The two storage systems serve different purposes, so different job roles work with each. For some companies, a data lake works best, especially those that benefit from raw data for machine learning. A data warehouse is a better fit for others because their business analysts need to decipher analytics in a structured system.
Read on to learn the key differences between a data lake and a data warehouse.
The key differences between a data lake and a data warehouse are as follows [1, 2]:
Parameters | Data Lake | Data Warehouse |
---|---|---|
Data type | Raw (all types, no matter source of structure) | Processed (data stored according to metrics and attributes) |
Data purpose | To be determined | Currently being used |
Process | Extract Load Transform (ELT) | Extract Transform Load (ETL) |
Schema position | After data storage, to offer agility and easy data capture | Before data storage, to offer security and high performance |
Users | Data scientists, those who need in-depth analysis and tools (such as predictive modelling) to understand it | Business professionals, those who need it for operations |
Accessibility | Accessible and easy to update | Complicated to make changes |
History | Relatively new for big data | The concept has been around for decades |
A data lake is a storage repository that captures and stores many structured, semi-structured, and unstructured raw data. Once in the data lake, the data can be used for machine learning or artificial intelligence (AI) algorithms and models or transferred to a data warehouse after processing.
Data professionals in various sectors can use data lakes to tackle and solve business problems.
Marketing: In a data lake, marketing professionals can collect data on their target customer demographic preferences from many different sources. Platforms such as HubSpot store data in data lakes and then present it to marketers in a shiny interface. Data lakes enable marketers to analyse data, make strategic decisions, and build data-driven campaigns [2].

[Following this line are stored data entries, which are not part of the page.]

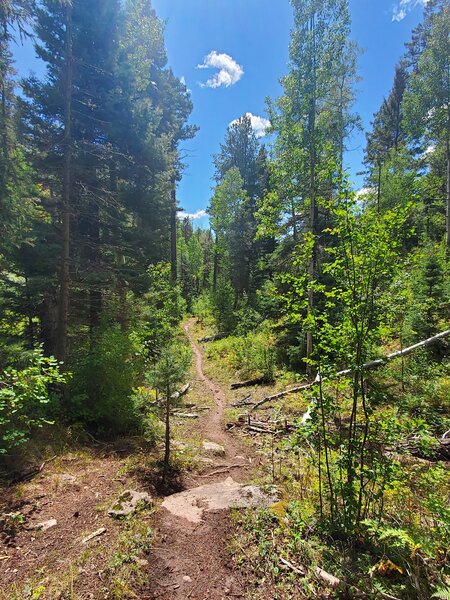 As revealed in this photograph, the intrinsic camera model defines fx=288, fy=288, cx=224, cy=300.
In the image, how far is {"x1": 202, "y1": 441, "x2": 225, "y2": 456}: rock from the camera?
699 centimetres

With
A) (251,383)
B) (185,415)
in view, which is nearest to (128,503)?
(185,415)

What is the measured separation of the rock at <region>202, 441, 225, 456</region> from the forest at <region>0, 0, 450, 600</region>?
12 centimetres

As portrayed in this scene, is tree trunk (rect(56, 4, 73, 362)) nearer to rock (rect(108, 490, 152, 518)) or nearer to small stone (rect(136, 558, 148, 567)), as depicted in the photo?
rock (rect(108, 490, 152, 518))

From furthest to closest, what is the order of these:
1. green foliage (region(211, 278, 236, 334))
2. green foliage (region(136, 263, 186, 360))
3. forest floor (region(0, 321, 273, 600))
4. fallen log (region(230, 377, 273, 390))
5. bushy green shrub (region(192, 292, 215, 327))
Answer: bushy green shrub (region(192, 292, 215, 327))
green foliage (region(211, 278, 236, 334))
fallen log (region(230, 377, 273, 390))
green foliage (region(136, 263, 186, 360))
forest floor (region(0, 321, 273, 600))

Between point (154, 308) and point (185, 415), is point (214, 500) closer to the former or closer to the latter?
point (185, 415)

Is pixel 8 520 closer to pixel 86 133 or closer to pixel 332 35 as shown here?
pixel 86 133

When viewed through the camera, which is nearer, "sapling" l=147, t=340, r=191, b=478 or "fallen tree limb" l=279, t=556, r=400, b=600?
"fallen tree limb" l=279, t=556, r=400, b=600

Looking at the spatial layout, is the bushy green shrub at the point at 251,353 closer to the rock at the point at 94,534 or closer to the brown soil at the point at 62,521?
the brown soil at the point at 62,521

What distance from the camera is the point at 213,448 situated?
714cm

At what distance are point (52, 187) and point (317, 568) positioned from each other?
11906mm

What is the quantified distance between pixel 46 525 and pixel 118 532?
1.06 m

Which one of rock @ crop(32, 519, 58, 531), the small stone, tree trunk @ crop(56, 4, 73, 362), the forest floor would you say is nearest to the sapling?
the forest floor

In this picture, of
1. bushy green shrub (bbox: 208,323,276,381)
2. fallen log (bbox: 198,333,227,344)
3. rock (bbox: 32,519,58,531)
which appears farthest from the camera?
fallen log (bbox: 198,333,227,344)

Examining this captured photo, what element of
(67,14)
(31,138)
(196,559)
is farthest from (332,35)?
(196,559) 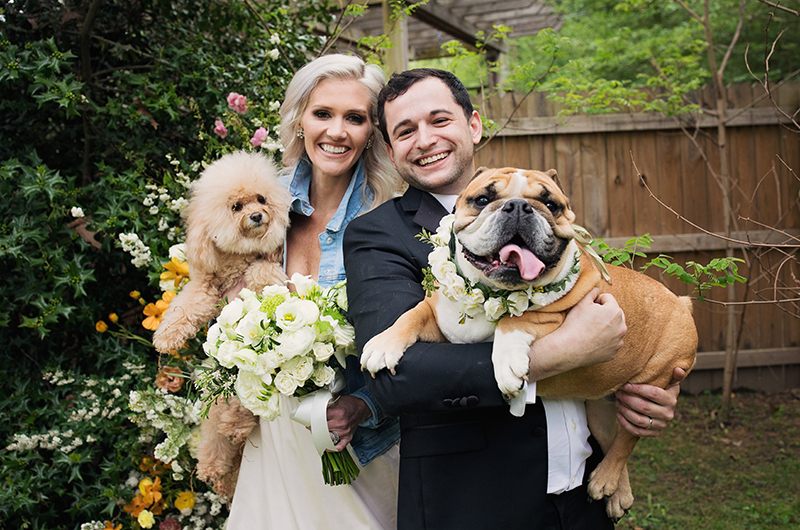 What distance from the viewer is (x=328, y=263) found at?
A: 2.62m

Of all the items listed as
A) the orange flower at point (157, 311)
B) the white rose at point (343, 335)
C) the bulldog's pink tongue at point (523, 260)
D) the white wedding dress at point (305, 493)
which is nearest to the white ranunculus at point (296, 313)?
the white rose at point (343, 335)

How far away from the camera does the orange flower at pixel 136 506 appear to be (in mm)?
3154

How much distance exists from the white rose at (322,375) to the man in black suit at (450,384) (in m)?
0.21

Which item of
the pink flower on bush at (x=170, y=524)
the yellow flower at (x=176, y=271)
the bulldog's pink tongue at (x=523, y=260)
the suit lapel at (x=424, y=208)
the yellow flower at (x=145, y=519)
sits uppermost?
the suit lapel at (x=424, y=208)

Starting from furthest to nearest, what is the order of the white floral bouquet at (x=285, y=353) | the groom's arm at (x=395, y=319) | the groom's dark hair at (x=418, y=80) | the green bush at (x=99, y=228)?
the green bush at (x=99, y=228), the groom's dark hair at (x=418, y=80), the white floral bouquet at (x=285, y=353), the groom's arm at (x=395, y=319)

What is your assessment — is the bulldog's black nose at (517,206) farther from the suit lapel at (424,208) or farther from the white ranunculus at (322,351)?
the white ranunculus at (322,351)

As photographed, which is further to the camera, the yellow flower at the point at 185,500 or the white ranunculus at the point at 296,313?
the yellow flower at the point at 185,500

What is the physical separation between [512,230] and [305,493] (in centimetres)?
147

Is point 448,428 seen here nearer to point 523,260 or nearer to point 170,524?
point 523,260

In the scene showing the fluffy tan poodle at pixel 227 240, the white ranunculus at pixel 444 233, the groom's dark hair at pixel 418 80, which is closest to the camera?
the white ranunculus at pixel 444 233

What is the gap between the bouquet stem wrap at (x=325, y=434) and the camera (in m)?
2.04

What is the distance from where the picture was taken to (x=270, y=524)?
8.17 ft

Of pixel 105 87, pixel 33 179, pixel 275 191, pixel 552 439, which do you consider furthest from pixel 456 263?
pixel 105 87

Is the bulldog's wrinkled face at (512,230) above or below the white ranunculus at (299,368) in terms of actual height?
above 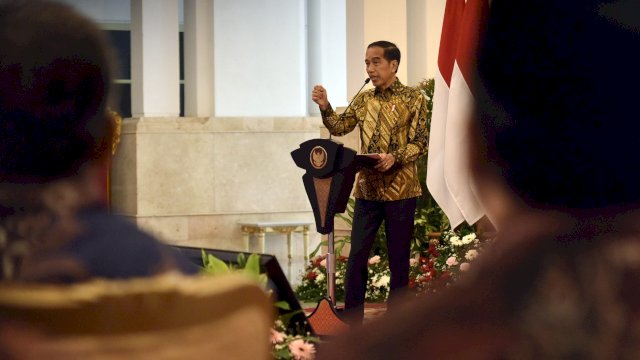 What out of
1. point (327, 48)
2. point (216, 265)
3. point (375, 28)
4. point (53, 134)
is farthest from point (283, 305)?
point (327, 48)

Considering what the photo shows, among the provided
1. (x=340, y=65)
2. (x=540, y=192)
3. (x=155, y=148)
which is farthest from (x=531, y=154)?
(x=340, y=65)

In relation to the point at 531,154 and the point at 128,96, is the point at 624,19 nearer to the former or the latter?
the point at 531,154

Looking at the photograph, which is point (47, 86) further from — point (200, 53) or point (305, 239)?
point (200, 53)

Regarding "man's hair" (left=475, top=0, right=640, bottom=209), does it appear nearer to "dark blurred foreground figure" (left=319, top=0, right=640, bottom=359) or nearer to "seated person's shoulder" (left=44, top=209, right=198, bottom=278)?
"dark blurred foreground figure" (left=319, top=0, right=640, bottom=359)

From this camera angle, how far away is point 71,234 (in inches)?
51.1

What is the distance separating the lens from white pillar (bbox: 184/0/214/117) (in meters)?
15.3

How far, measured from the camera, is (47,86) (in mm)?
1316

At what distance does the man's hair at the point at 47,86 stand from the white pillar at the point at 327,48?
1445 centimetres

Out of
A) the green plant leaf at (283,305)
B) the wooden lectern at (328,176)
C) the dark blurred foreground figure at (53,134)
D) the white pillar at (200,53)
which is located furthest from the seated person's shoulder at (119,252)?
the white pillar at (200,53)

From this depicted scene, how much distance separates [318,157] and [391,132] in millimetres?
434

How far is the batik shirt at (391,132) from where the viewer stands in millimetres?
7004

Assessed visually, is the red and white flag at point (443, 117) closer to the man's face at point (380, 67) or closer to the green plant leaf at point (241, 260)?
the man's face at point (380, 67)

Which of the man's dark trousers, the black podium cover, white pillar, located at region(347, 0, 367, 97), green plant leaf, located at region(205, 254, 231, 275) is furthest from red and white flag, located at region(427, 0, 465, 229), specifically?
green plant leaf, located at region(205, 254, 231, 275)

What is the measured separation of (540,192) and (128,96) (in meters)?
15.7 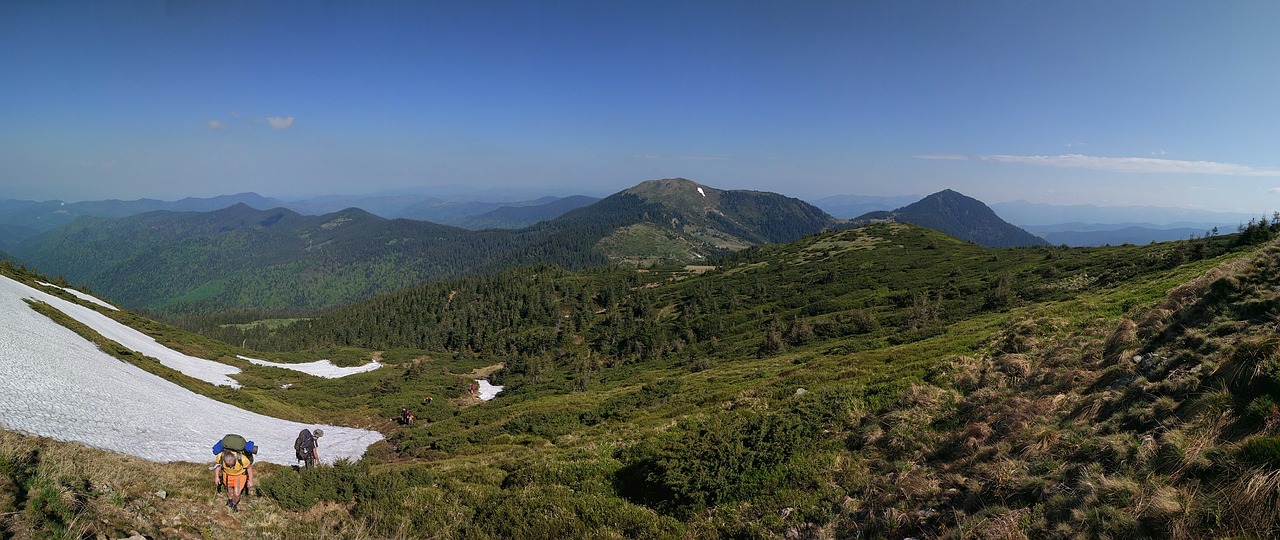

Education: This sector has begun using data lakes to track data on grades, attendance, and other performance metrics so that universities and schools can improve their fundraising and policy goals. A data lake provides the right flexibility to handle these data types.
Transportation: Data lakes are used when airline and freight company data scientists cut costs and increase efficiency to support Lean supply chain management.
A data warehouse is a centralised repository and information system used to develop insights and inform decisions with business intelligence. Data warehouses store organised data from multiple sources, such as relational databases, and employ online analytical processing (OLAP) to analyse data. The warehouses perform data extraction, cleaning, transformation, and more functions.
Data warehouses provide structured systems and technology to support business operations. Some examples include:
Finance and banking: Financial companies can use data warehouses to provide company-wide access to data. Rather than creating reports using Excel spreadsheets, a data warehouse can generate secure and accurate reports, saving companies time and money.
Food and beverage: Big companies turn to high-performance enterprise data warehouse systems to run operations and consolidate sales, marketing, inventory, and supply chain data in one place.